◆ Source material:
Content starts

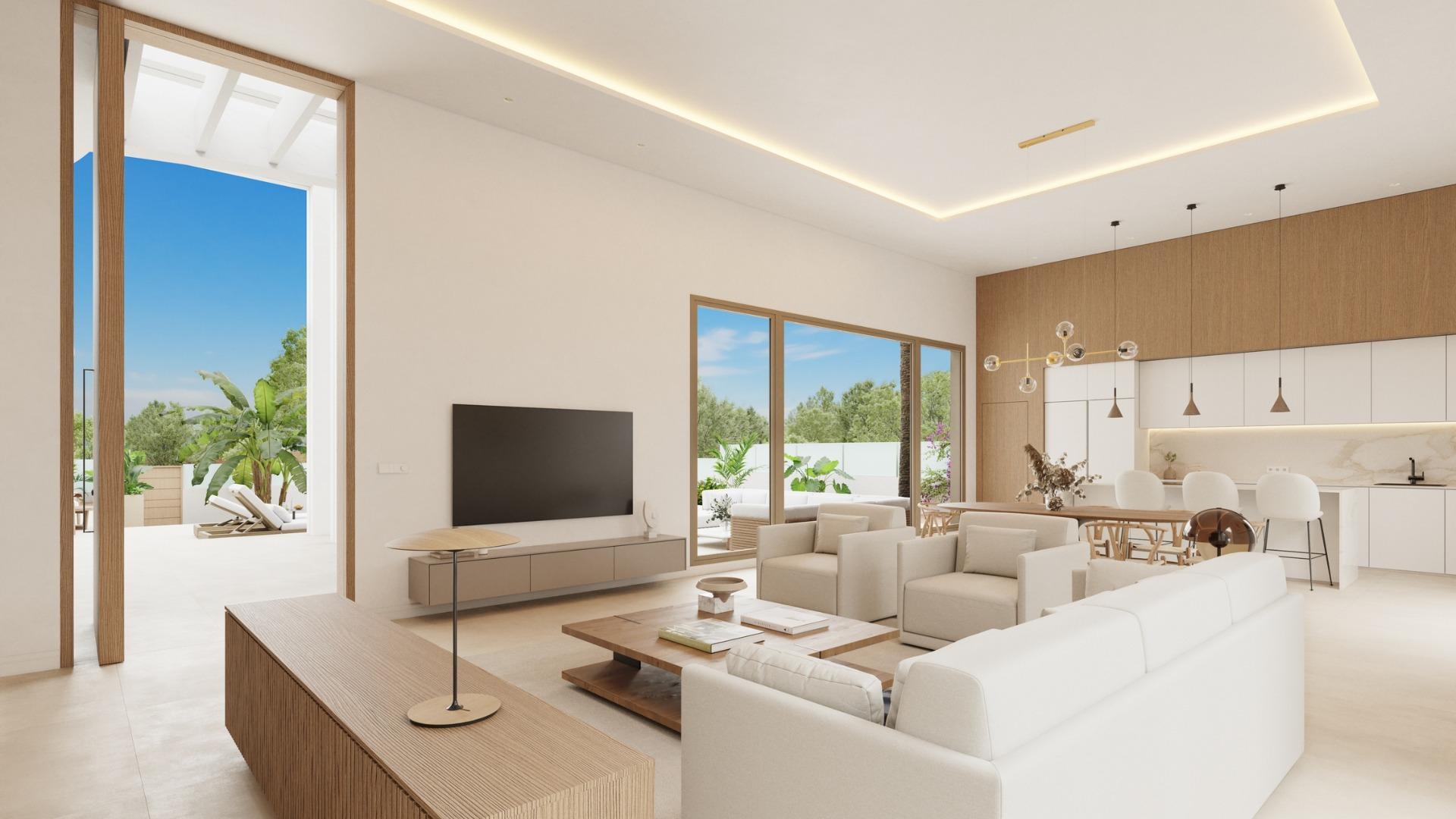 For sale of villa in Algorfa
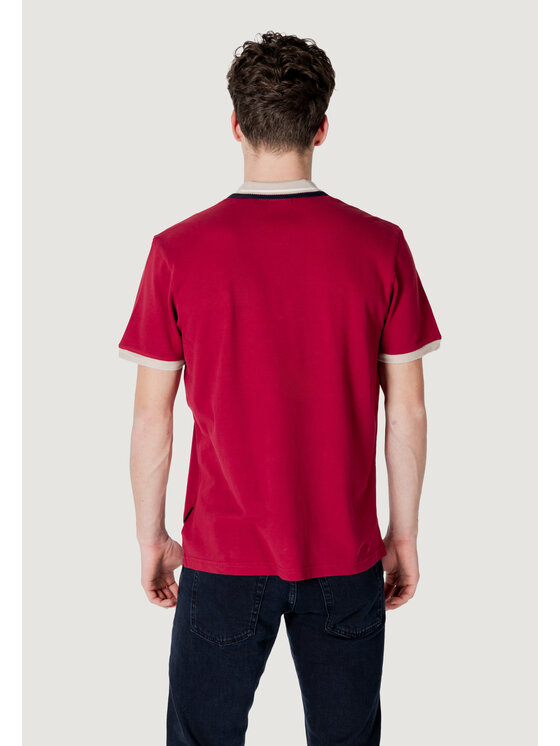Napapijri Napapijri Polo E-MURLO SS Rosso Casual Fit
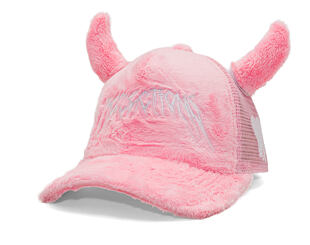 Kšiltovka Reflection Luxury Horny Cap - Pink Horns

Content ends

Everything from the line containing "Napapijri Napapijri Polo" through the last line of the listing above must be output exactly, except the pictures.

◆ Task answer:
Napapijri Napapijri Polo E-MURLO SS Rosso Casual Fit
 Kšiltovka Reflection Luxury Horny Cap - Pink Horns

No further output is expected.